Turkle’s main point is that constantly being online destroys conversation. Not just in the obvious way, when everyone is on their phone at dinner, but also in subtler ways. Our smart phones cut us off from each other. We don’t learn to read faces and voice tones that we’d pick up in a normal conversation. We lose empathy, the ability to put ourselves in the other’s shoes and appreciate her perspective. We never allow ourselves to become bored—as we fill our down times with whatever we can find online—and so we lose the depth that comes from stillness and being alone. We become shallow, flighty people that have less to offer our increasingly shallow and superficial relationships.
The good news, as Turkle often reminds us, is that we are resilient people. Once we unplug and give ourselves time and space to enjoy unstructured conversation with others, it doesn’t take long until we enjoy its benefits and begin to recover our humanity. Conversation is the talking cure.

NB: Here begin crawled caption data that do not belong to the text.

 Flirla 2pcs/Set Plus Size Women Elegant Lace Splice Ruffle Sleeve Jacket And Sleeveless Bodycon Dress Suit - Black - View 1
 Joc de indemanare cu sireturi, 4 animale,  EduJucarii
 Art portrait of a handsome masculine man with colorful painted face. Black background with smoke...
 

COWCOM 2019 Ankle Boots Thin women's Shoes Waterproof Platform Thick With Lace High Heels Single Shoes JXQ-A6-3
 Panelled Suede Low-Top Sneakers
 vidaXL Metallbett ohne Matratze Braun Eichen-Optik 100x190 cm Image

Along the way Turkle has a lot to say about technology’s effects on young people. They would rather text than talk because it seems safer and easier to get exactly right. Conversation is scary because it is impromptu. There are many ways to say the wrong thing or something you’d like to take back. Texts can be perfected before hitting send. There is less room for error. But also for intimacy.

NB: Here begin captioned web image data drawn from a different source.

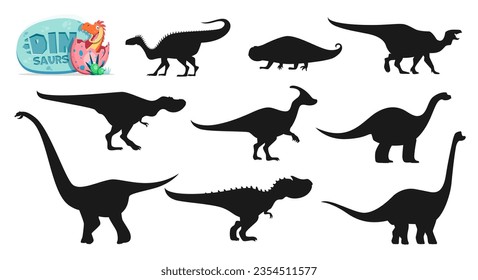 Isolated dinosaurs cartoon characters silhouettes. Plateosaurus, Hyperodapedon, Tarbosaurus and Parasaurolophus, Vulcanodon, Omeisaurus, Allosaurus and Brachiosaurus, Iguanodon dinosaurs silhouettes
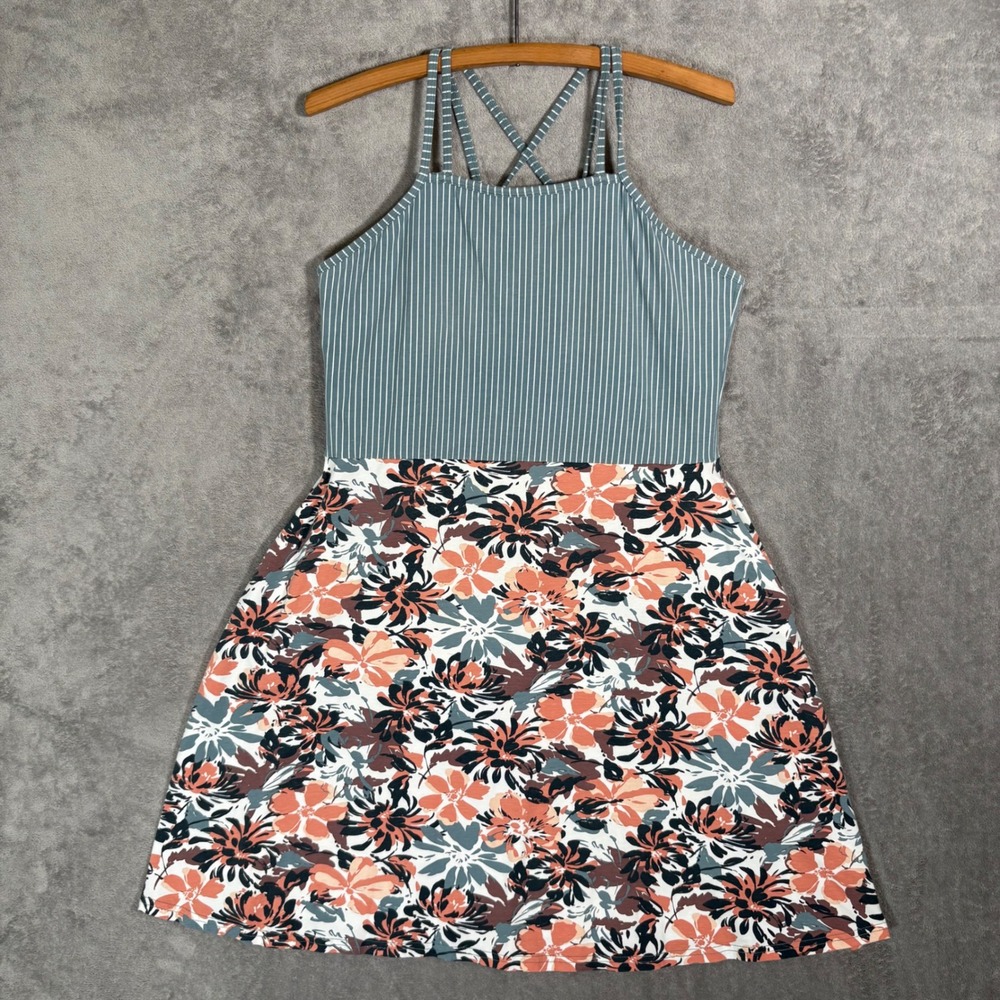 Pact Striped Bodice Floral Midi Dress in Teal, Coral, White, Black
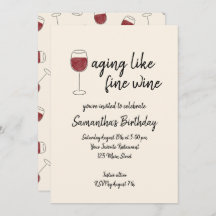 Aging Like Fine Wine Red Wine Glass Birthday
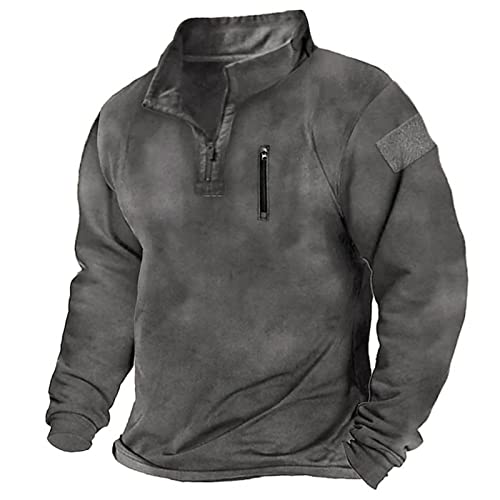 Sweat militaire homme col montant zippé protection automne ample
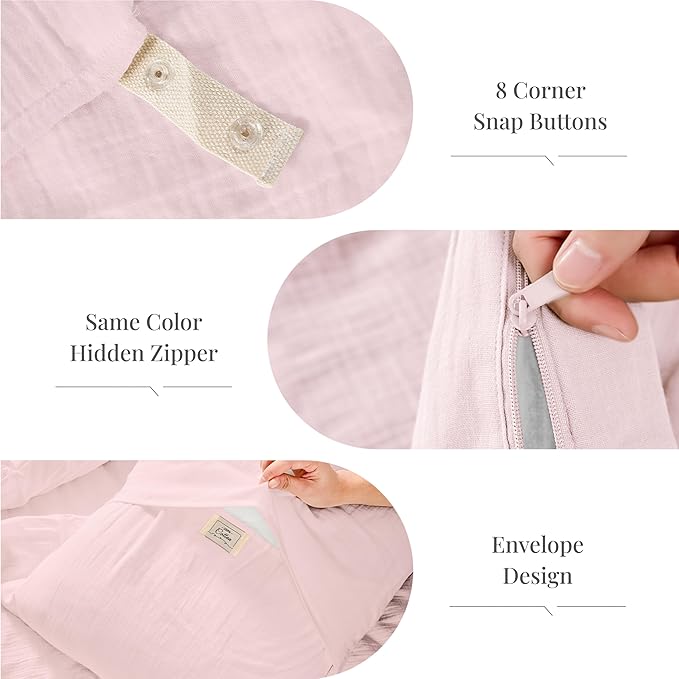 Pink Duvet Cover Queen Size, 100% Sandwashed Cotton Soft Queen Duvet Cover Set - Image 5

Social media has generated youth’s fear of missing out (FOMO). Young people tell Turkle that even at parties they check their phones to see what else is going on. They find it hard to enjoy a perfectly fine party for fear that something a little more fun is happening nearby. Even on dates they duck into restrooms to check who else may have swiped right on their picture. FOMO makes it difficult to commit.
Turkle also has a lot to say about family. It’s not just the kids who are constantly online. Parents bring their phones to the table, to pitch and catch, to the amusement park. We can spend an entire day together and yet not really be together. Many kids say they hope to raise their children the way their parents wanted to rather than the way they actually did.
Turkle also takes on education, including the popularity of wired classrooms and online classes. She warns that such innovations are removing the main thing that makes education work—the face to face, thinking-hard-in-the-moment-give-and-take among teacher and students. Her book convinced me to double down on my no technology in the classroom rule. I have allowed laptops for taking notes, but she persuaded me even that is a bad idea. Students who take notes on computers tend to become stenographers, taking down every last detail. Taking notes by hand forces students to select the most important parts. It teaches them to think. If only they knew cursive!
There are many more provocative nuggets and vignettes in this book. I recommend it to anyone who wants to think deeply about how technology is influencing us individually and communally.